People who sell villagers
People who don't return feedback
Tumblr-esque humor
When someone offers bells when you state you're not looking for any
People who have strict rules in a cycling town. It's not even your main, I can find the villager's house myself without being followed.


----------



## radical6 (Jun 15, 2014)

Rodeo said:


> I'm going to be honest.
> That "" smiley face makes me want to punch it and the users who use it in the face. In my opinion, it just seems like the person is just doing it to one up everyone else.



 how are you today
but what about "" or ":  )"


----------



## Improv (Jun 15, 2014)

tsundere said:


> how are you today
> but what about "" or ":  )"



>


----------



## IncendiaryPyro (Jun 15, 2014)

Swurve said:


> >



:^)


----------



## Rodeo (Jun 15, 2014)

tsundere said:


> how are you today
> but what about "" or ":  )"



It's just that smiley face.
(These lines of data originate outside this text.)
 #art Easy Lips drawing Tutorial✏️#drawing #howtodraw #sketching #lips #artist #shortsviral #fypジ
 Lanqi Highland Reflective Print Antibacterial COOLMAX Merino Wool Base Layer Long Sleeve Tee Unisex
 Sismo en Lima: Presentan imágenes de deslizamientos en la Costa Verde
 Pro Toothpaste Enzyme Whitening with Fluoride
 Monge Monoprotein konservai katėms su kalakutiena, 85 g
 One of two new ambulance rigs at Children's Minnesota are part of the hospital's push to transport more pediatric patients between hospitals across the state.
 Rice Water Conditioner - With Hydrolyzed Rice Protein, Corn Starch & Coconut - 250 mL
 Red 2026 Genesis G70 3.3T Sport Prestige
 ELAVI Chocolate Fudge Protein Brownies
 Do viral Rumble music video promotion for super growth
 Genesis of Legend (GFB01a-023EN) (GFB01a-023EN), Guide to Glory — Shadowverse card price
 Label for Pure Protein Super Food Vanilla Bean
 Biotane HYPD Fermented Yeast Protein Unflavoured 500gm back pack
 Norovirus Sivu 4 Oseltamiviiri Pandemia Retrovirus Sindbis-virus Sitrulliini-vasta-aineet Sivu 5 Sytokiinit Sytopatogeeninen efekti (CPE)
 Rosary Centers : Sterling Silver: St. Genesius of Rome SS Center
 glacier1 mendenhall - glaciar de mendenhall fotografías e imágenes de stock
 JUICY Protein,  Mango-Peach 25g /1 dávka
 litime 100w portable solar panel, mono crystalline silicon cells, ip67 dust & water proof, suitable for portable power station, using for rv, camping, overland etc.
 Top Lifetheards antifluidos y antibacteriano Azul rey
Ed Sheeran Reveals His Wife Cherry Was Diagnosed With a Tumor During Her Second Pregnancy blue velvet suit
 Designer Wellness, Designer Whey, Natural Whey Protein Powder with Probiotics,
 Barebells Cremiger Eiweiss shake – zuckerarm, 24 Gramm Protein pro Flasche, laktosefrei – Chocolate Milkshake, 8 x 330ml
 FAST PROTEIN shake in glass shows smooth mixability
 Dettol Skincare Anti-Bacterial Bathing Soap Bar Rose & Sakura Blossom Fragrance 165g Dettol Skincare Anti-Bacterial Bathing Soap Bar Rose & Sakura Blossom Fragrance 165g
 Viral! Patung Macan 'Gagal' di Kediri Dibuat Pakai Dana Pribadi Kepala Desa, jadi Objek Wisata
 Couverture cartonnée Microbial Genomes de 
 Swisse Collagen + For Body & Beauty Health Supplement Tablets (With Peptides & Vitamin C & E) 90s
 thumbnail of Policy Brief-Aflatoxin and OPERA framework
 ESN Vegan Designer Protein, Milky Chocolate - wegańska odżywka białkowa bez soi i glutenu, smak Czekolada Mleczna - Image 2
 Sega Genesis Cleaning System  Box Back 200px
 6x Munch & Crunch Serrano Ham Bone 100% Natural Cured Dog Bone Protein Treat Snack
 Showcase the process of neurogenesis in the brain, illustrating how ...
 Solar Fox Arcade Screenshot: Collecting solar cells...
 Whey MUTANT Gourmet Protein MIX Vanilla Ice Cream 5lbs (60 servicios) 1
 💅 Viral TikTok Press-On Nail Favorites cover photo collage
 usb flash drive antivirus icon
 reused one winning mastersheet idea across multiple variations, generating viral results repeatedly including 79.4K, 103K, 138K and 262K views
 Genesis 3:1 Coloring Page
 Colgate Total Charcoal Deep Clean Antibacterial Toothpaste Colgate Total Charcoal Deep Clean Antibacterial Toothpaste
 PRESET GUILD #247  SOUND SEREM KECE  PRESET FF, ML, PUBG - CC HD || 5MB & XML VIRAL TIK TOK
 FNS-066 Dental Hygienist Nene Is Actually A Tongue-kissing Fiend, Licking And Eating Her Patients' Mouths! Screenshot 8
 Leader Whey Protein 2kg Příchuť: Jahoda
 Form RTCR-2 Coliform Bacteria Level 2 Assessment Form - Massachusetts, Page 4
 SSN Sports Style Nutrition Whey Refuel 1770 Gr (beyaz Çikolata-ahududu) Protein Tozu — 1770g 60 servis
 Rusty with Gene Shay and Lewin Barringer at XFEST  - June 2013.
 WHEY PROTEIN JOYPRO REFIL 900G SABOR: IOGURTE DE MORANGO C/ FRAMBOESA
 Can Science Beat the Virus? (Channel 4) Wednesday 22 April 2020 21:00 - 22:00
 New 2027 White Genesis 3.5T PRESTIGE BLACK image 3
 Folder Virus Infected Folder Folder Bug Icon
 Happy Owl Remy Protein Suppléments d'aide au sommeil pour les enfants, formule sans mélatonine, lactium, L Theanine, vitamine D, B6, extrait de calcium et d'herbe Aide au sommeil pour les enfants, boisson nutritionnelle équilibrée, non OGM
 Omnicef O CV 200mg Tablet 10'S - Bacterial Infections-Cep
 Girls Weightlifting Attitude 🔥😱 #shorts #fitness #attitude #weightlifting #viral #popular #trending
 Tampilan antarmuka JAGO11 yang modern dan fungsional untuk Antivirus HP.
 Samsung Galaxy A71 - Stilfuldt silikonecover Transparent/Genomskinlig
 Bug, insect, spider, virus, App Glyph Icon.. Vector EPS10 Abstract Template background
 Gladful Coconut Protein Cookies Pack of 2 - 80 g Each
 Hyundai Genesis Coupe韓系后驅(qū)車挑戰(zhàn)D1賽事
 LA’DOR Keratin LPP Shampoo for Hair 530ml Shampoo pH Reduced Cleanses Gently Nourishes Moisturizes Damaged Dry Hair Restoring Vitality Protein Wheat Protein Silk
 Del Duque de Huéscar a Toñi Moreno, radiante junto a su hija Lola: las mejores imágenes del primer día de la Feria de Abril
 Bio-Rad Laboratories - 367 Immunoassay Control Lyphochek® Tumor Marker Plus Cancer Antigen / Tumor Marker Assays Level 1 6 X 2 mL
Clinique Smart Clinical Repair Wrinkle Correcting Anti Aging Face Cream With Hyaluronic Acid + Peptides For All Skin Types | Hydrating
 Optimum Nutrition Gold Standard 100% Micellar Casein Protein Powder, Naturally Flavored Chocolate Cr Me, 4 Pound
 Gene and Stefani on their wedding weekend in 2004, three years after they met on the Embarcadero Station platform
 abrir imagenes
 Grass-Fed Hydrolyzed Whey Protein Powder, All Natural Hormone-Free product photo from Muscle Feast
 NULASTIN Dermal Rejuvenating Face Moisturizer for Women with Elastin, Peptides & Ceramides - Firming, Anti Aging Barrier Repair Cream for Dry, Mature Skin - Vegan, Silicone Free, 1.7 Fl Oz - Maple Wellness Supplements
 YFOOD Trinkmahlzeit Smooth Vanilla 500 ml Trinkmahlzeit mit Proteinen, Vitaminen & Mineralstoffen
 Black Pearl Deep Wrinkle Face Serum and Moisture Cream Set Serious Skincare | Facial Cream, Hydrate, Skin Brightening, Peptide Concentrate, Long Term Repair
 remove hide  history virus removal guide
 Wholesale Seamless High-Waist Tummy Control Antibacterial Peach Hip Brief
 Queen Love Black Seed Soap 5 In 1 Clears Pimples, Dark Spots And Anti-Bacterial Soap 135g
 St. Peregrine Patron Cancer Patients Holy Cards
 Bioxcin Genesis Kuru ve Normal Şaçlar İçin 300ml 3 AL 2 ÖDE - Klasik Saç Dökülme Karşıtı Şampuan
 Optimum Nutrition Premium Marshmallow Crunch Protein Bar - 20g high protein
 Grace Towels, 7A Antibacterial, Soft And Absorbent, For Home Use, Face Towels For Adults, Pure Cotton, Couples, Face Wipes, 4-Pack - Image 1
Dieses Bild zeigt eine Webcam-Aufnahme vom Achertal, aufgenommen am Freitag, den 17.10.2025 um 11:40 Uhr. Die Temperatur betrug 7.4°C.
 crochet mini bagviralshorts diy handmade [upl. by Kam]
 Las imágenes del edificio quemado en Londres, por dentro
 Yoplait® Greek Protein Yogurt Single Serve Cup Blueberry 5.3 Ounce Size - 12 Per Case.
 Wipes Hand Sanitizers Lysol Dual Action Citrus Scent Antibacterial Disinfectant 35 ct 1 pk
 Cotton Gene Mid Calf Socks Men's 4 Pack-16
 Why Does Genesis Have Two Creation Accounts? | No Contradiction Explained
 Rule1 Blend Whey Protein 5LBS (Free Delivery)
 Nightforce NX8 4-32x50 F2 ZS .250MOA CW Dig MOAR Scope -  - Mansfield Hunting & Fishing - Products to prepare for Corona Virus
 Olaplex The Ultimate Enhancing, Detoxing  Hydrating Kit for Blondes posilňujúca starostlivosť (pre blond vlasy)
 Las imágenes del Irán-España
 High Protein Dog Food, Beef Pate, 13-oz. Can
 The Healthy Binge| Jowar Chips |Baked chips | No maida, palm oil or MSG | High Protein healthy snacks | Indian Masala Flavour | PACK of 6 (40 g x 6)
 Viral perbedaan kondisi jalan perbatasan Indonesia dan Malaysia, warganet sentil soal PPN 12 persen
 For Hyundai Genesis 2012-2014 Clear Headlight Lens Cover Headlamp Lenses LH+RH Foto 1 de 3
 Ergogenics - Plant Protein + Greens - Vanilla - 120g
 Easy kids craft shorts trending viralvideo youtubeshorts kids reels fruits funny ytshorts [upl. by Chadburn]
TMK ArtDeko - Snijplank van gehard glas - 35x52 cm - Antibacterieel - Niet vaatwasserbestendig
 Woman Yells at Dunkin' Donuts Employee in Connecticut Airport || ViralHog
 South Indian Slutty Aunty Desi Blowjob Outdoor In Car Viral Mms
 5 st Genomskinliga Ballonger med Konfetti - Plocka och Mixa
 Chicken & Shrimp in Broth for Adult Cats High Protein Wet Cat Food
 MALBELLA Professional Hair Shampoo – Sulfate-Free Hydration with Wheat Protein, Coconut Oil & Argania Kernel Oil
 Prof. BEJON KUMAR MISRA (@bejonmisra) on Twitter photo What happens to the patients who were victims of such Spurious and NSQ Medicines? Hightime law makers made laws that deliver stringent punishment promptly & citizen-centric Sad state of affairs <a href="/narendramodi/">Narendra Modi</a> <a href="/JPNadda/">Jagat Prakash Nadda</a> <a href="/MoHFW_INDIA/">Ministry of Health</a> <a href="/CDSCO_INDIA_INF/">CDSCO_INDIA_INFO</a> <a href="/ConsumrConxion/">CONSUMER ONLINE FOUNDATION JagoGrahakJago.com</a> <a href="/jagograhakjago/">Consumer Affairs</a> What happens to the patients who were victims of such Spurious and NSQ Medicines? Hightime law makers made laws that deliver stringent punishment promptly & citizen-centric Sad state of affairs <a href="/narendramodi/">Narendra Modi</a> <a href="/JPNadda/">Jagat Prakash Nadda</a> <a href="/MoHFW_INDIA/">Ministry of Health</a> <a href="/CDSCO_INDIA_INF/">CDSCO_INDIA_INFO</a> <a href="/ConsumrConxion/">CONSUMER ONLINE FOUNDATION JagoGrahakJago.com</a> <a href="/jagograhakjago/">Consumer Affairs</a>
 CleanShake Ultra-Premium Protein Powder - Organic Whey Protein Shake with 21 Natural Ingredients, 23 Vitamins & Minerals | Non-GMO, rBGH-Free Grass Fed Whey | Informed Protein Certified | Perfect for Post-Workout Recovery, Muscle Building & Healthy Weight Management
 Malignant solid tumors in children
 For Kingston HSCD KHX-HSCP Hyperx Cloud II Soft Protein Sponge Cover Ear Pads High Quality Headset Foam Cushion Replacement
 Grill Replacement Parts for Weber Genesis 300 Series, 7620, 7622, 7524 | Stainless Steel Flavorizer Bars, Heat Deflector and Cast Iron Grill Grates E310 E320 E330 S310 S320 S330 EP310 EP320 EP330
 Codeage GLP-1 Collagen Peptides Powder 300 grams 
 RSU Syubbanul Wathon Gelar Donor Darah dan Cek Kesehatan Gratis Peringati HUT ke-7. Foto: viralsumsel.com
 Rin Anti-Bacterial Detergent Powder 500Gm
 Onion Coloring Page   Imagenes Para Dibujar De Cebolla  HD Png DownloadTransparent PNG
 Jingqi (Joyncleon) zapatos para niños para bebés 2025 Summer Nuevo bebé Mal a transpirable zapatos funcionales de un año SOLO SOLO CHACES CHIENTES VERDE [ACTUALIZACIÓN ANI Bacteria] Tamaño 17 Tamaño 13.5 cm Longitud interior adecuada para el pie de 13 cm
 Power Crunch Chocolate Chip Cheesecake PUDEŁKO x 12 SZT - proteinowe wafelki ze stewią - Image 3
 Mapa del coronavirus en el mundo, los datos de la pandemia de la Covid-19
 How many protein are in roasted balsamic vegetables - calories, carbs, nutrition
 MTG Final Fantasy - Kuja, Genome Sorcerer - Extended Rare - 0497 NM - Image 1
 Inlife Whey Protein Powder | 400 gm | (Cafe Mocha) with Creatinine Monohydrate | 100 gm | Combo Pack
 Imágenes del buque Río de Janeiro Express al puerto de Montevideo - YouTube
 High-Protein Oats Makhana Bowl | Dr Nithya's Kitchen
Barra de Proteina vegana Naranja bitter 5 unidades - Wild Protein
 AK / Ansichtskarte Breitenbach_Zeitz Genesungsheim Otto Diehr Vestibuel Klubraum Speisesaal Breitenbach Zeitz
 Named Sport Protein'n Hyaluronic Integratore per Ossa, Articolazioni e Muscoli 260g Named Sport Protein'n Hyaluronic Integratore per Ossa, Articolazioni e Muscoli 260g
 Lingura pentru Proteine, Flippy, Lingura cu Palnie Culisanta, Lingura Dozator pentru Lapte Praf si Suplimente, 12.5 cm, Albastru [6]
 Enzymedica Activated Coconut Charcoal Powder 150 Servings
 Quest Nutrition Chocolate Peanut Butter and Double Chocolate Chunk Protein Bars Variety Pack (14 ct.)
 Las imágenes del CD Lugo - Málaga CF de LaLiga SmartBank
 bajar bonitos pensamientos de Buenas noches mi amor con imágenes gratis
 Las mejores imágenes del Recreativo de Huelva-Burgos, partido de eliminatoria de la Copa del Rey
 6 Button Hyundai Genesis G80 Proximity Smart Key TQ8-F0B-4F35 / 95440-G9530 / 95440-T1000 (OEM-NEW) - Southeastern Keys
Always been a pet peeve of mine.


----------



## nekosync (Jun 15, 2014)

People who make elaborate lists of rules for their town.


----------



## Flop (Jun 15, 2014)

People that whine, beg, pity themselves, and take everything for granted on the forum xD


----------



## nekosync (Jun 15, 2014)

People who in the Museum sub-forum who make chibi art that looks like all the other chibi art, and people drooling over it as if it's Picasso.

People who whine about villagers moving in/out of towns.

Threads about why a person hates a villager for their appearance.

Long whiny posts which could 

When people in the IRC ignore you completely

When people use Japanese emoticons (eg: ヽ(*≧ω≦)ﾉ *(*?∀｀*)☆ Ｏ(≧▽≦)Ｏ ヽ(*⌒∇⌒*)ﾉ d=(?▽｀)=b ＼(*T▽T*)／)

When people argue when someone gives an opinion different to theirs


----------



## Alienfish (Jun 15, 2014)

mayorkiyo said:


> People who snipe in any kind of auction and hosts that allow it to happen.
> It feels really unfair esp. if you were trying to win from the start.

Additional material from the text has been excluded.